ECM first set it's base value let say 3.5ms. This is received from signals such Airmass, TPS, crankshaft position sensor etc. When both the long and short term fuel trim sit in they mid value 0% the injection pulse width is unmodified.

Changing conditions result in a different calculated engine load, the 3.5 ms base injection duration will reduce or increase. Oxygen sensor (O2) will fine tune this value depending on the various conditions through the STFT (short term fuel trim).

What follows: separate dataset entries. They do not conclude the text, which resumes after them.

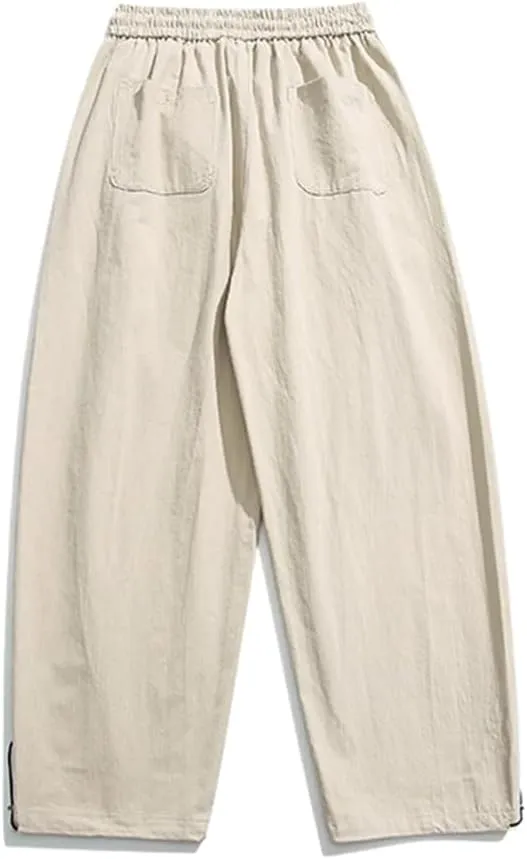 LIXINGHEITANG Pants Men Japan Korean Streetwear Loose Casual Wide Leg Baggy Boyfriend Harem Trousers Sweatpants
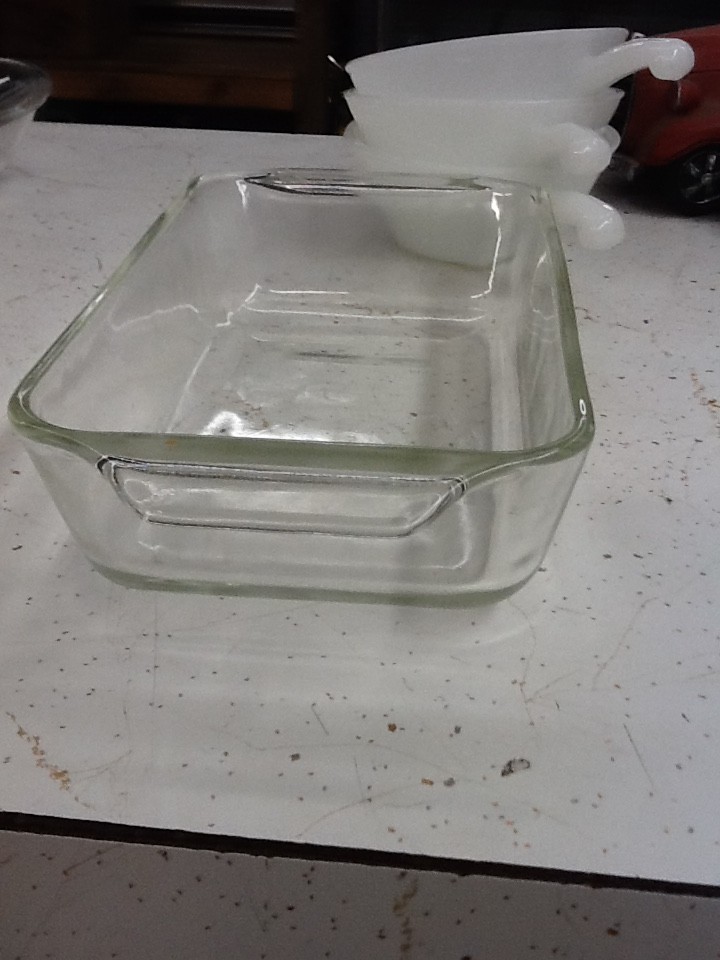 Anchor Hocking Clear Glass 1 Quart Loaf Pan 441 GReAT SHAPE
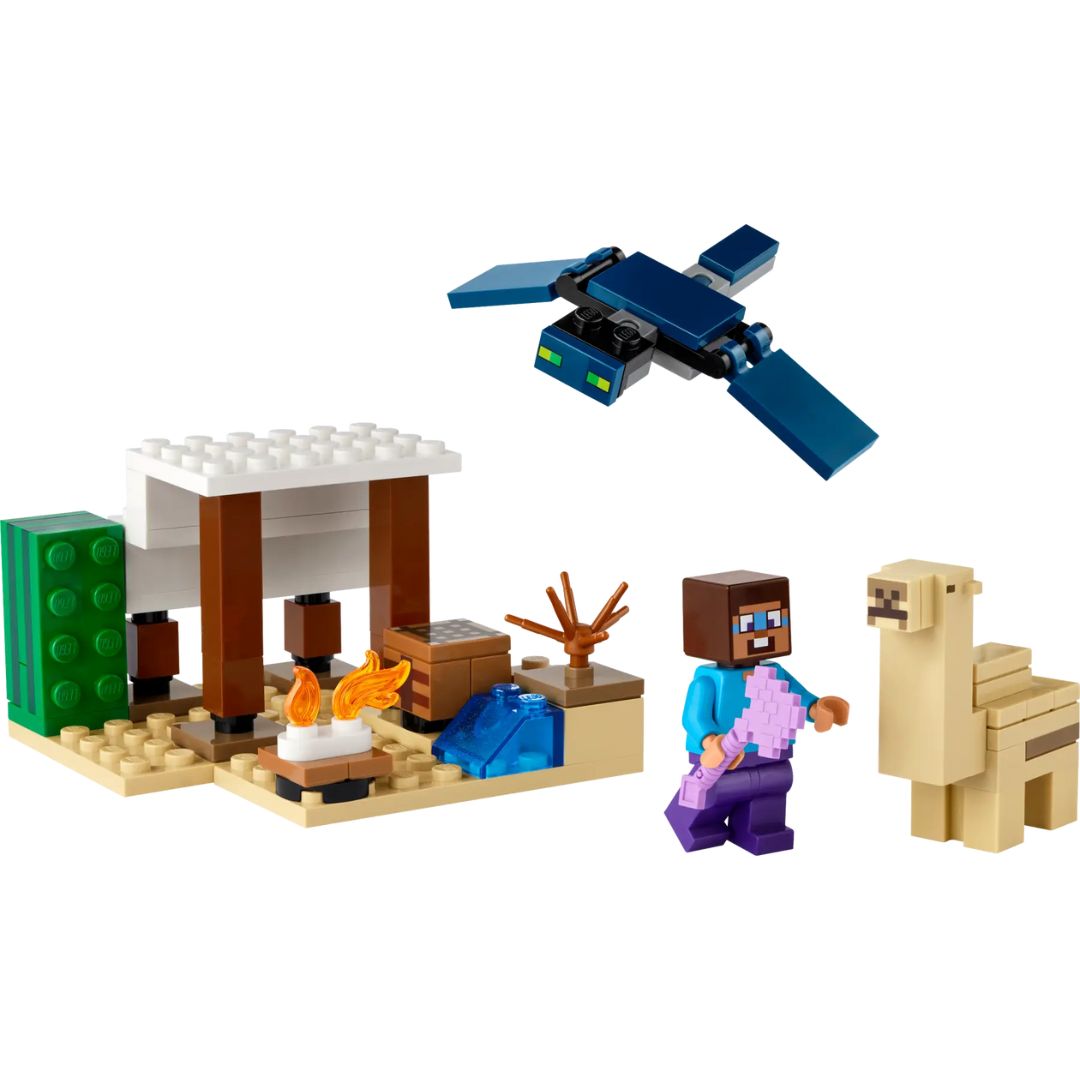 Lego Minecraft Steve&#39;s Desert Expedition -Lego - India - www.superherotoystore.com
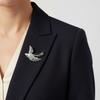 Contemporary Swallow Brooch Lightweight Alloy Jewelry With Polished Texture Gift For Birthdays Anniversaries Event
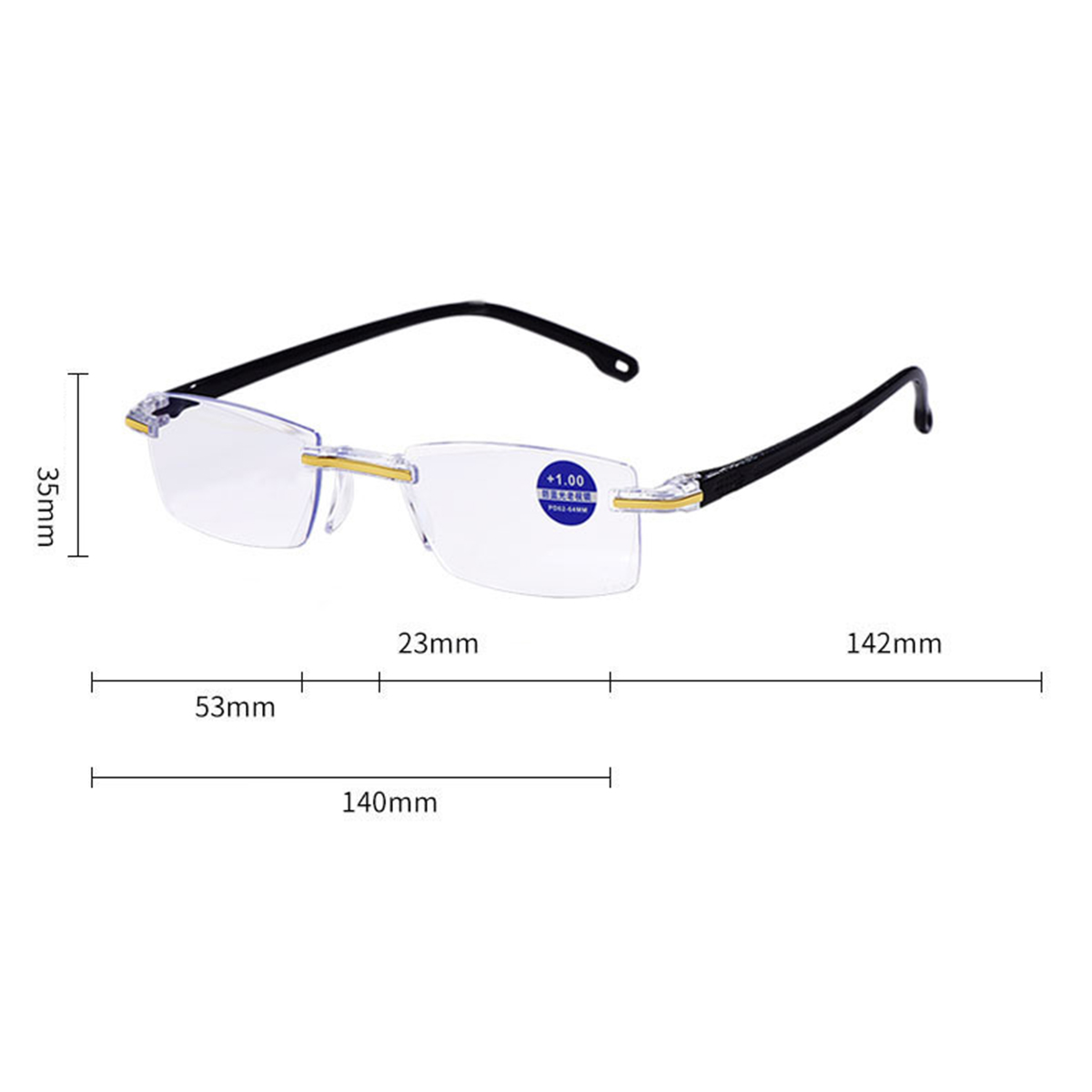 Spek Spec-Anti luz azul bloqueando óculos, óculos transparentes Frame, plástico, computador Gaming óculos, cermin Mat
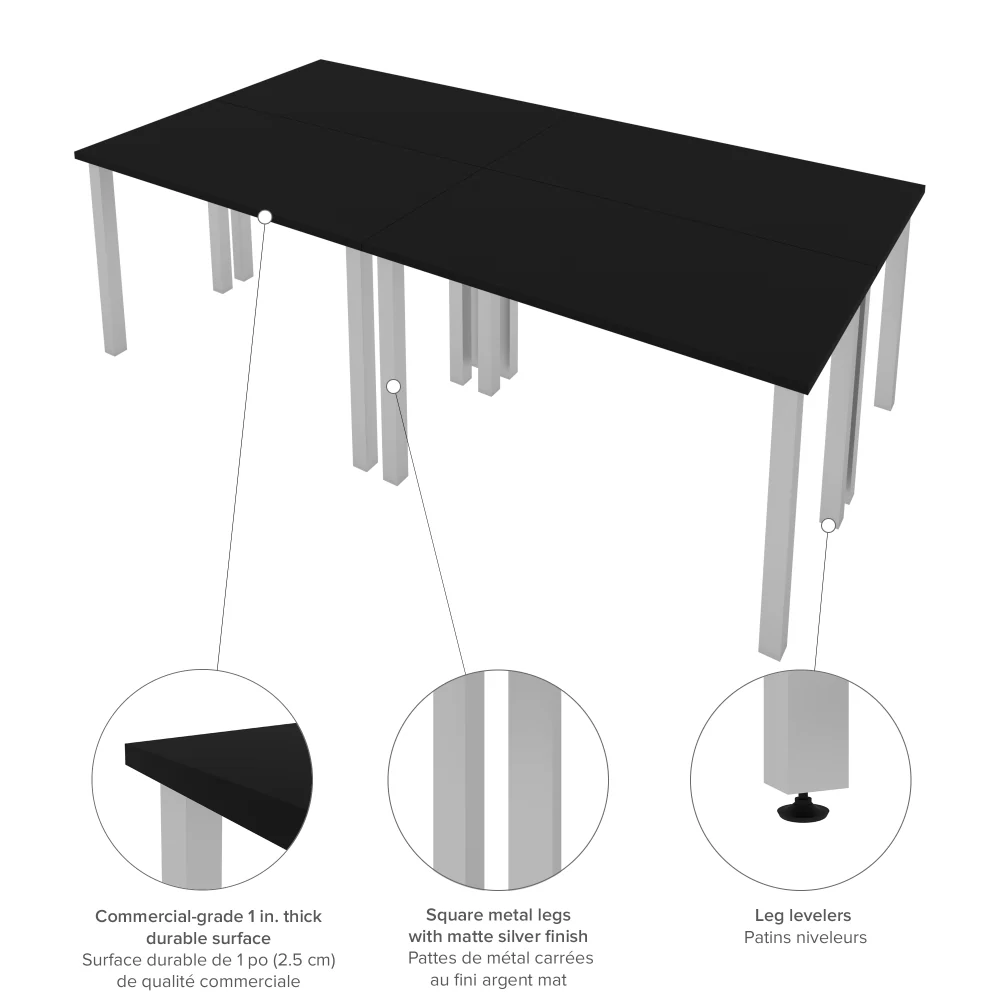 Table Desk with Metal Legs - Image 23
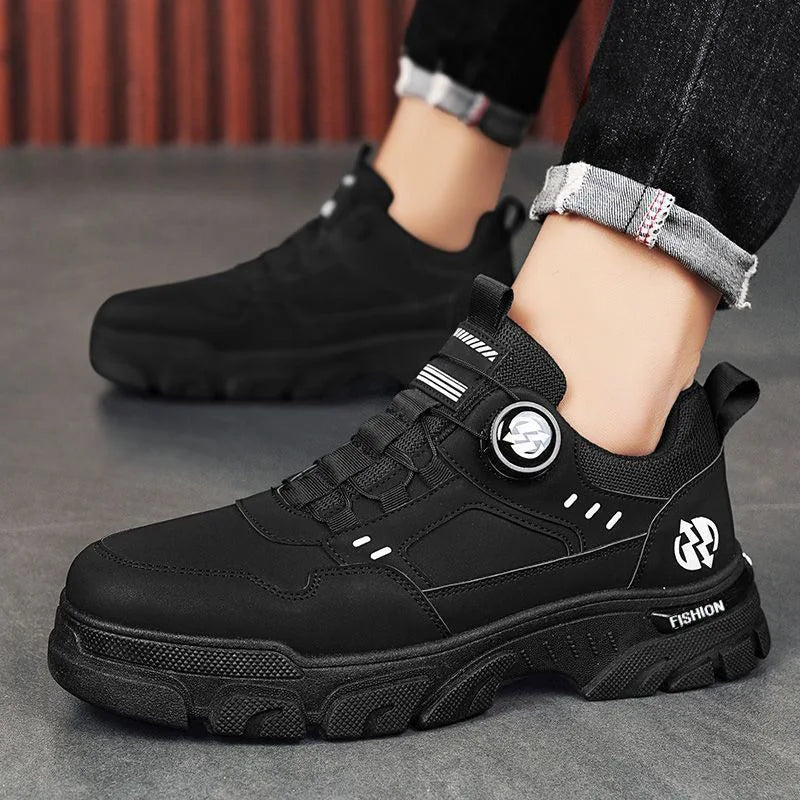 Summer Mens Casual Shoes Leather Men's Sneakers Comfortable Soft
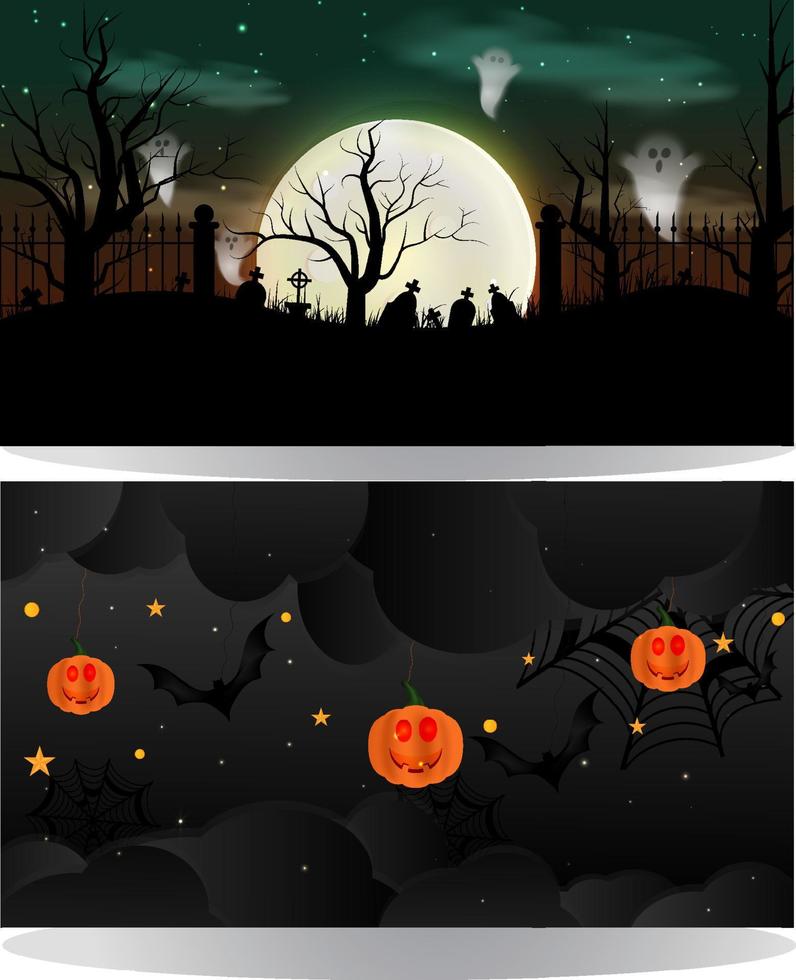 Halloween-Hintergrunddesign vektor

Most engines are design to run at stoichiometric ratio 14.7:1, that is 14.7 part of air to 1 part of fuel. This is the best ratio for clean emissions, one of the reasons why STFT even exist is to compensate for engine wear, altitude, climate and to a certain point problems in the engine.

Imagine the software in the ECM is design to set a min. base value of 2.5ms and maximum value of 4.5ms. If there is problem in the engine that will cause the injection value to either increase or decrease beyond this threshold a fault code 'mixture adaption value out range' will be logged. This is to simply prevent drive ability problems and engine damage.

You can't just keep on dumping more and more fuel if you have a vacuum leak for example. To much fuel will create bore wash (dry cylinder walls) which will lead to excessive oil consumption, residual fuel will ignite inside the CAT (catalytic converter) melting it down. This is already a case if you drive with a normal problematic engine for a period of time.

Hope that helps.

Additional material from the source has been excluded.